Okay. Now which of those prevented media from reporting on Hunter Biden’s laptop?
The student journalists at The Chicago Thinker — including Daniel Schmidt, Evita Duffy, and Christopher Phillips — decided to be confrontational instead of timid, asking serious questions based on the writings and statements of the guests.
Anne Applebaum — whose inability to take any criticism and respond to it fairly is by now well established — dismissed the Hunter Biden laptop information as “totally irrelevant” in response to Schmidt.
My problem with Hunter Biden’s laptop is, I think, totally irrelevant. I mean, it’s not whether it’s disinformation. I mean, I didn’t think Hunter Biden’s business relationships have anything to do with who should be president of the United States. So, I don’t find it to be interesting. I mean, that would be my problem with that as a major news story.
But that was hardly the only incident. Sen. Amy Klobuchar totally dodged a question from Duffy on whether she would favor banning online speech about two sexes as health misinformation. And Brian Stelter, when confronted by Phillips with a litany of stories CNN covered as reality which turned out to be untrue, from Nick Sandmann to Jussie Smollett, made the rather on the nose excuse of needing to break for lunch.
(Stelter, by the way, had Applebaum on “Reliable Sources” and did not ask a followup.)
These three incidents taken together serve as a reminder of the fragility of this regime. The elite focus on insulating themselves from troublesome questions leaves them woefully unprepared when they run into a handful of college journalists with nothing to lose and easy access to their records and claims.
Much of the failure of trust in media is earned. But there are still people who frame it as exemplified by bias or animated by mere social differences. This may have been true in the past, but it is no longer true in the present. The structure of our media conglomerates and their corporate ties to major international firms — Big Tech the most dangerous among them — have empowered their ability to an unprecedented degree to, with rare exceptions, determine the acceptable bounds of debate in the public square. They create barriers constantly around what is permissible to discuss not just in polite society but in virtually every space, particularly online. Within media and politics, this has always been known.
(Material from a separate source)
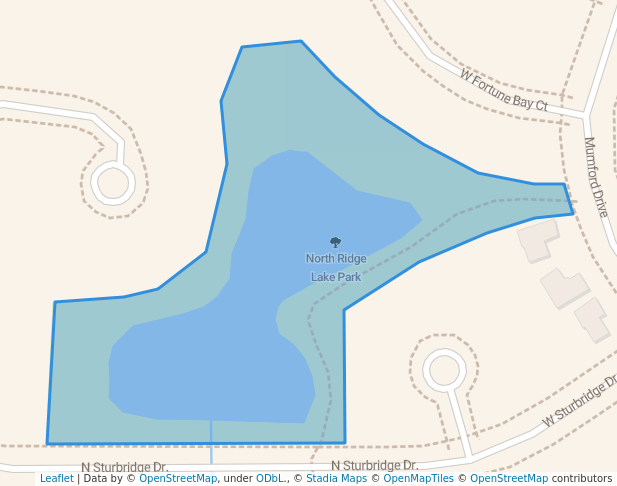 walking in North Ridge Lake Park map in Hoffman Estates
The pandemic was just the first time that most normal people became aware of this.
A postscript to this: The recent decision by Elon Musk to become Twitter’s largest shareholder, and to first entertain then reject a board seat at the company, could have massive ramifications for the capability of the media regime to raise walls around the public square in the short term. A duly elected president of the United States and many of his supporters are still banned from the major social media platforms used by most Americans. We will see if that changes before 2024.